Dans l'est de Allemagne, une gigantesque éolienne et le vent contraire de l'extrême droite
Bientôt, elle toisera la tour Eiffel: dans l'est de l'Allemagne, une méga éolienne sort de terre, symbole d'une transition énergétique complexe dans un bassin minier sensible aux thèses anti-renouvelables de l'extrême droite.
Son concepteur allemand, l'entreprise Gicon, s'appuie sur une innovation technologique pour construire, selon lui, la plus grande éolienne terrestre du monde, haute de 365 mètres, d'ici la fin de l'année.
"Cela signifie un rendement double par rapport aux éoliennes classiques", promet à l'AFP Jochen Grossmann, fondateur du groupe basé à Dresde.
Le projet, financé par l'Etat à hauteur de 20 à 30 millions d'euros via son agence pour les innovations de rupture (SPRIND), est scruté à l'étranger mais fait jaser dans la Lausace, région houillère où le parti d'extrême droite AfD réalise des scores massifs.
- "Aucune alternative" -
Lors d'un matin pluvieux de mai, l'installation a doublé de taille en quelques heures, grâce à 350 tonnes d'acier tractées par d'immenses grues de construction jaunes.
La future éolienne mesure désormais 100 mètres, presque autant que la cinquantaine de semblables qui peuplent le parc de Schipkau, bâti en 2000.
Pourquoi construire encore plus haut? Le vent souffle plus fort et plus régulièrement, explique M. Grossmann, couvert par le bourdonnement du chantier.
Son entreprise a développé une sorte de tour télescopique pour atteindre des hauteurs inexplorées par les éoliennes.

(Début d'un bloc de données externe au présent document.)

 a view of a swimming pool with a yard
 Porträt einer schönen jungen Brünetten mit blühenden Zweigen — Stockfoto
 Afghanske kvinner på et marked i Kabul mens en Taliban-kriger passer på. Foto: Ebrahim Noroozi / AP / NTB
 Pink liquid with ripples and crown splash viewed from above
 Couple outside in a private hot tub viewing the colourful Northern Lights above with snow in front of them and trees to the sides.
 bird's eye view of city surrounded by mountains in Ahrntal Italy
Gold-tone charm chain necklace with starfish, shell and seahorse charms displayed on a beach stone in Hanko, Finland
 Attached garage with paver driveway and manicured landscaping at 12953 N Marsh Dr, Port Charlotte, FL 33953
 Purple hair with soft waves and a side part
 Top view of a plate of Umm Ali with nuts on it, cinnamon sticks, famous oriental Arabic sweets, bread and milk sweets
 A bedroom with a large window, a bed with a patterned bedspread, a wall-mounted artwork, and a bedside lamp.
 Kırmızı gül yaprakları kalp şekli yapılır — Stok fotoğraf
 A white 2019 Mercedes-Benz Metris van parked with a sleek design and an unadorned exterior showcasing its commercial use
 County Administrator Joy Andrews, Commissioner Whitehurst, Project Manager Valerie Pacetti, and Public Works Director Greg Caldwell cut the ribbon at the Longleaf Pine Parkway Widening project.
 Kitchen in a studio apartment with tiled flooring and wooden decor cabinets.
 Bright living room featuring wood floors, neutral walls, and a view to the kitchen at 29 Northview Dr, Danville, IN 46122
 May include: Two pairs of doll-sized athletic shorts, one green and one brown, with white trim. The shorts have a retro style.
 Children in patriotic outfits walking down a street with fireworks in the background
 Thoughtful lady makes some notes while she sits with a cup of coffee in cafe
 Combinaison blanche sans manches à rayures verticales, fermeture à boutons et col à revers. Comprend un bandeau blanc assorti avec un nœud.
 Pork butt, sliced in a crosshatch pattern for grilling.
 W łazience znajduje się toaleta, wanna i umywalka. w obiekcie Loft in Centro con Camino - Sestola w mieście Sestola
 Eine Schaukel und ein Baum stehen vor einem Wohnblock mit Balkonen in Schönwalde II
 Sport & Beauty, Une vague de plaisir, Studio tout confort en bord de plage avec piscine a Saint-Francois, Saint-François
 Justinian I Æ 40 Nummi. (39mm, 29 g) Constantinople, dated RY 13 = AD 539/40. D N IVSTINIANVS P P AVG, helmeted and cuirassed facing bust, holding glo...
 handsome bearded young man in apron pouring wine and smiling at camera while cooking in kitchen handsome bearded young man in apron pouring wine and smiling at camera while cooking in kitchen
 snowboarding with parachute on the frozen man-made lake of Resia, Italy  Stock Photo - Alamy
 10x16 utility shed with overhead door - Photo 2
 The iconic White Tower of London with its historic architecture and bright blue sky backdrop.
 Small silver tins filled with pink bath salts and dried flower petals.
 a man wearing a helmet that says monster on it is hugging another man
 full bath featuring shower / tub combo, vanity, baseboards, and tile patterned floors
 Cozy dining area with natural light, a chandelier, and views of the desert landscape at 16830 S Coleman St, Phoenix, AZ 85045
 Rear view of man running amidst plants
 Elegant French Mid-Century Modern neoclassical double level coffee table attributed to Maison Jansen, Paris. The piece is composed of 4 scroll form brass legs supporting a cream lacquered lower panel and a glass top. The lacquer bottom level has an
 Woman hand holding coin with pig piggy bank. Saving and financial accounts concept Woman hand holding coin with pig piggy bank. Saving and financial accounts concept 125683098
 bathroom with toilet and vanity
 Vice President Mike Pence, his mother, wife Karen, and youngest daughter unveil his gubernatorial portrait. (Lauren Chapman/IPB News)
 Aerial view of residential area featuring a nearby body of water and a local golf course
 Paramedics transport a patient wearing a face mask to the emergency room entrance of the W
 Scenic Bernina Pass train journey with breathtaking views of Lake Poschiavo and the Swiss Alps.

Le géant d'acier pourra ainsi fournir de l’électricité à 7.500 foyers sur une année entière, assure Frank Adam, directeur du chantier.
Celui-ci a été retardé d'environ un an et engendre des coûts "fondamentalement plus élevés" que la normale, ajoute-t-il.
Le patron de Gicon vante un projet crucial car "nous n’avons en Allemagne aucune alternative en dehors du soleil et du vent", avec la sortie du charbon et du nucléaire.
D'autant que la fermeture du détroit d'Ormuz provoquée par la guerre israélo-américaine en Iran montre que "nous entrons dans une nouvelle dépendance vis-à-vis du gaz et du pétrole", ajoute l'entrepreneur.
La ministre conservatrice de l'économie, Katherina Reiche, critique le coût élevé des renouvelables et veut développer des centrales à gaz pour compenser leurs intermittences.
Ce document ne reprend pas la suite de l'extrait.